でも新たな事業展開として、現河道はふだんのまま水を流して、新水路には洪水時だけ水を流すように、新水路とあわせて遊水池と沈砂池にしようと考えているところです。

現に掘削している水路の残土は、農業用客土として利用しています。現河川をいじらず洪水対策や環境対策を行おうとしています。新水路は湿地状態になり、ビオトープにするとか、周りに植林をするとか、そういう展開も考えられますね。沈砂地の考え方は、こうです。洪水時には流域から大量の土砂が流出され、氾濫域には肥沃な土地が形成されています。土砂がたまれば客土として流域の農地に還元できると思っています。流域の恵みを流域に戻すということですね。

石淵 写真の右下の方は、昔蛇行をショートカットした後の古川(旧川)があります。この地区には、そのような古川がいくつかあります。その古川があることによって、洪水時に内水氾濫がなかったという事例が昨年、一昨年の洪水で結構ありました。地元では古川をもっと堀り込んで遊水池にしてほしいとの要望もあります。

昔は、古川も含めて農地などに払い下げを行ってきましたが、いまは、河川管理として必要なものとして払い下げは行っていません。

その古川を遊水池として残し、さらに魚類や鳥類の生息環境を求めることによって、さらに市民団体等の活動の場にできるのではないかと。そういうふうに考えることも可能だと思います。

古川に水をためることによって、水が腐るという声もあります。いま河川工事などで、やむを得ず柳などの河畔林や倒木を伐採・処理しなければならい場合があります。その伐採木を木炭にし水質浄化の試みも行っているところです。また失った河畔林の再生もカミネッコンなどで地域住民と共に植林を行っています。水質日本一の尻別川を大切にするためにも必要ですね。

イトウを保全・保護するためには、私の勝手なアイデアですけど、この石淵のポイント、たとえば魚の隠れ場所造ってイトウがたくさん住める環境にできる方法があるかと思うんです。釣り人が簡単に入り込めないような環境にしたっていい。イトウの生息環境を増やすやり方が何かあるのではないでしょうか。

たとえば古川の遊水池をどう活用するかというのといっしょに、地域の皆さま方と一緒に議論できると思います。

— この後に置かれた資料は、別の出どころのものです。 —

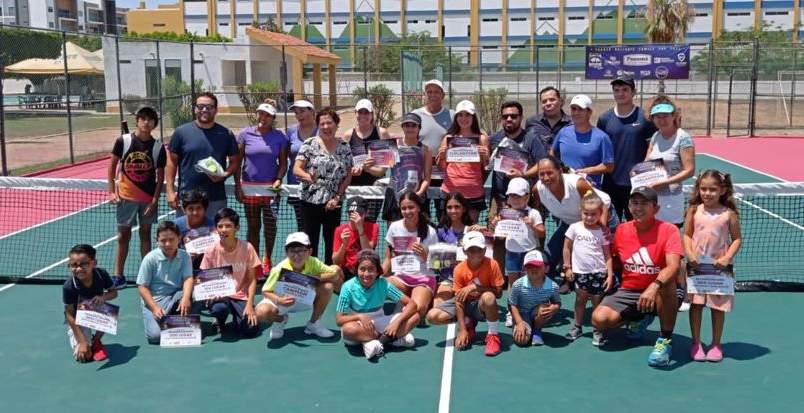 $!Los campeones y finalistas se posan para la fotografía del recuerdo.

極端な言い方をしますが、流域の皆さんは、河川を利用するにあたって、加害者・被害者意識で対立するのではなく、この川をどうしたいのか人ごとと思わず自分自身の考え方のみならず、周りの人の考え方もとりいれて考えなければならないと思います。河川行政はみんなで考えながらいろいろな問題を解決できるような方向になってきていると思います。私どもは、少しでも役立てるよう進めたいと思いますのでご協力をお願いします。